*** Available data ***

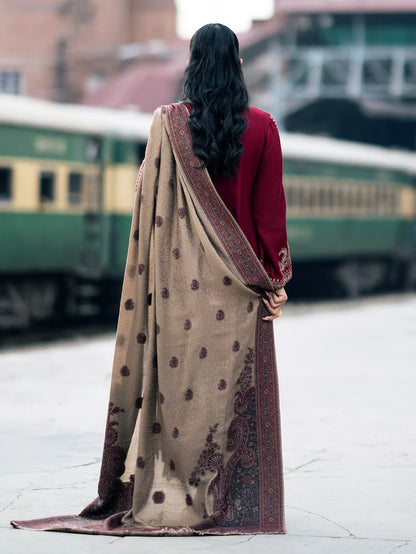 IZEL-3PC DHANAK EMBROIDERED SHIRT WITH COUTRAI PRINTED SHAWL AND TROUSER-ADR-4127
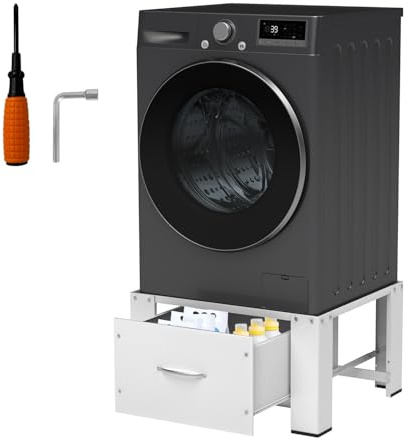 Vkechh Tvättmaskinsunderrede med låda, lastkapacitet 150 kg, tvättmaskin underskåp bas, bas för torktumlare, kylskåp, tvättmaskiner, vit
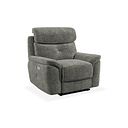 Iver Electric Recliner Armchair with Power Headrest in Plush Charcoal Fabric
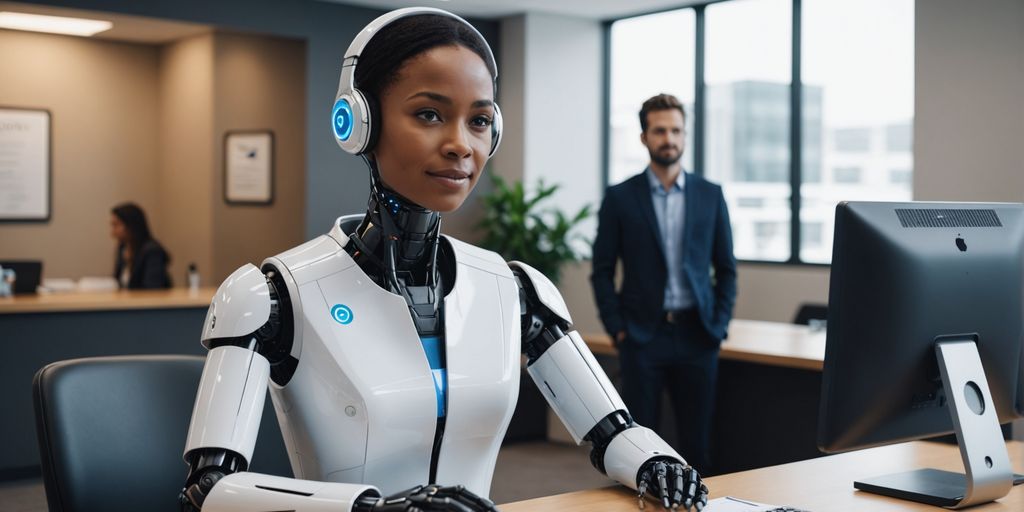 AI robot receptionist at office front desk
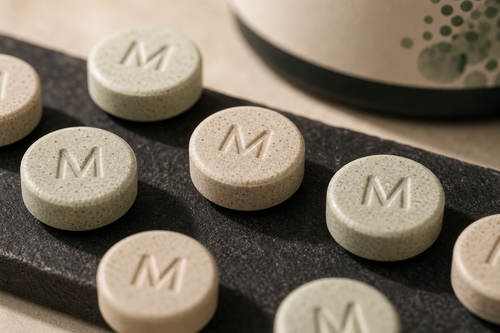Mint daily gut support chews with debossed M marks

*** End of Available data ***
*** Available data ***

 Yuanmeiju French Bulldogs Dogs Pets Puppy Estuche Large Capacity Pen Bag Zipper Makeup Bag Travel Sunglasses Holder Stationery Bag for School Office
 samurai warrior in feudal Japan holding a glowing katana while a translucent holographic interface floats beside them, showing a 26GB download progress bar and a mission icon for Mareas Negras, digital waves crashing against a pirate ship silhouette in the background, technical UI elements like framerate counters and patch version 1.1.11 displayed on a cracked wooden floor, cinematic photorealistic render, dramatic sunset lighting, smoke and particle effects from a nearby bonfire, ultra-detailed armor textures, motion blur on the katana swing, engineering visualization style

*** End of Available data ***

§ **Exercise**
After locating the line containing "Iver Electric Recliner" in the entries above, return it and every line after it exactly, ending at the line containing "Mint daily gut", without pictures.

§ **Written reply**
 Iver Electric Recliner Armchair with Power Headrest in Plush Charcoal Fabric
 AI robot receptionist at office front desk
Mint daily gut support chews with debossed M marks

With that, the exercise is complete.